Uno pensaría que eso de puntos de control dentro del país solo ocurría en la era soviética o en los territorios ocupados, pero si uno es extranjero hay que ir documentado, so pena de terminar en una celda mientras se averigua.
Los pasaportes y el capricho de pasar comiendo a un Wendy´s en el camino. Siempre que vamos a ese lugar, en el centro de Texas, pasamos a ese Wendy’s o a un McDonald que está unas cuadras antes en la carretera. Es de esos restaurantes de comida rápida adosados a una tienda de conveniencia en una gasolinera en la carretera. Normalmente, en el resto del país –más bien en las partes más densamente pobladas del país– estos puntos de descanso en la carretera suelen ser una muestra bastante representativa de la población del país. Acá no. Creo que se debe a que en esta parte del país las distancias entre las áreas metropolitanas son tan grandes que cualquiera que esté un poco por encima de la línea de la pobreza prefiere tomar un avión antes de darse la paliza de manejar 10 horas hasta Dallas, a menos que sean masoquistas como yo.

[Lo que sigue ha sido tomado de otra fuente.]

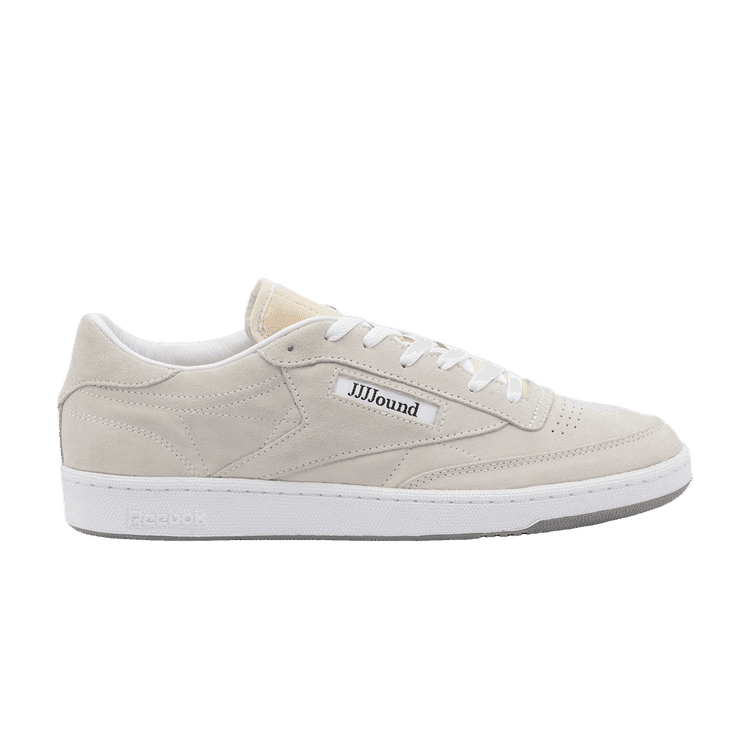JJJJound x Reebok Club C 85 LTD 'Space Grey' White/Chalk/Space Grey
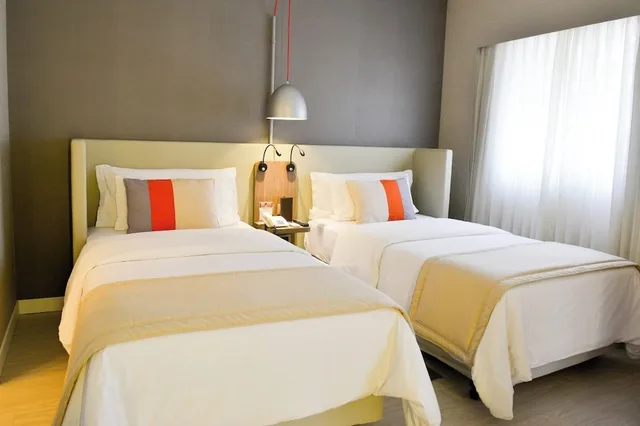 غرفة ديلوكس بسريرين منفصلين، Clarion Hotel Faria Lima 1/6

Si quitamos a los viajeros de clase media para arriba, nos quedan los que tienen que viajar por tierra por trabajo o por necesidad. En la cola, delante de nosotros, hay tres viajeros y junto a la caja registradora hay un anaquel con revistas que seguramente están ideadas para ellos, justo para ellos. Cuatro son de armas (armas grandes, pequeñas y de defensa personal. “No sea una víctima”, dice una de ellas), una se llama Diesel Engine y parece estar dedicada únicamente a picops diesel y la otra es una revista sobre cacería.
A mí, que crecí imbuido de la cultura estadounidense o al menos de la reinterpretación bananera de la cultura estadounidense que hacíamos en Guatemala, aún me cuesta reconciliar la idea de esas revistas, de cierto tipo de música y de determinados íconos culturales venerados por los estratos socioeconómicos más elevados en Centroamérica, con la realidad de lo que representan acá.
Yo crecí asociando esas cosas con el privilegio, con el bienestar y la exclusividad de pertenecer al grupo de la gente que además habla inglés. Y, tres años más tarde, sigo teniendo problema para hacer casar la realidad de obesidad, dientes podridos y tatuajes hechos en casa con la imagen mental que para mí siempre representaron esos referentes culturales.
Dejamos la autopista y por el camino rural, el sol de la tarde baña la pradera con esa luz del atardecer que en estas latitudes se hace eterna. Uno de mis acompañantes me advierte oportunamente sobre una manada de pecaríes que amenaza con cruzar la carretera y, minutos más tarde, vemos una familia de venados pastando a la orilla del camino, como cumpliendo una obligación de hacer cierto un rótulo que advierte de su presencia.
Cuando llegamos al lugar, es casi de noche y el show está por comenzar. El espectáculo consiste en observar el cielo nocturno mientras un guía explica un poco la historia de las constelaciones y da un repaso a la bóveda celeste. Luego, es tiempo de observar los planetas y las constelaciones con unos telescopios gigantescos. Eso de ver los astros es una experiencia agridulce. Los planetas en el visor aparecen difusos, como vistos a través de una bruma densa, tan distintos a los planetas de la televisión. Y cuando está uno a punto de decir que es una porquería eso de ver por telescopio, se acuerda de la distancia a la que están los planetas y la imagen de mierda está más en perspectiva y hasta puede uno maravillarse de poder ver los anillos de Saturno, difusos y todo.
Volvemos y puedo dormir tres horas antes de tomar la carretera de nuevo. Ahora voy solo, hacia un basurero en el desierto de Nuevo México, en busca de un montón de casettes de nintendo enterrados hace treinta años.
Después de un día de respirar polvo mezclado con basura añeja, vuelvo a casa y nos vamos a cenar por el cumpleaños de uno de ellos. De vuelta a casa el sueño me vence y en ese sopor antes de caer rendido leo que hubo un muerto en Guatemala, que lo mataron por una cuestión de aficionados al fútbol o delincuentes que se hacen pasar por aficionados. Veo que el hijo de la vice se tomó una foto con El Papa y mientras el sueño me gana, mientras la realidad se hace más difusa en ese momento en que las horas de trabajo y desvelo van pasando factura, esas cosas de la realidad bananera me parecen tan distantes y me asombra que algo tan cercano para mí de pronto me parezca tan remoto, como si hubiera perdido conexión con ese lugar.
Antes de caer, trato de enfocar mi atención en el tema del muerto futbolero y el selfie con El Papa, pero la imagen es difusa, vacilante, como los anillos de Saturno.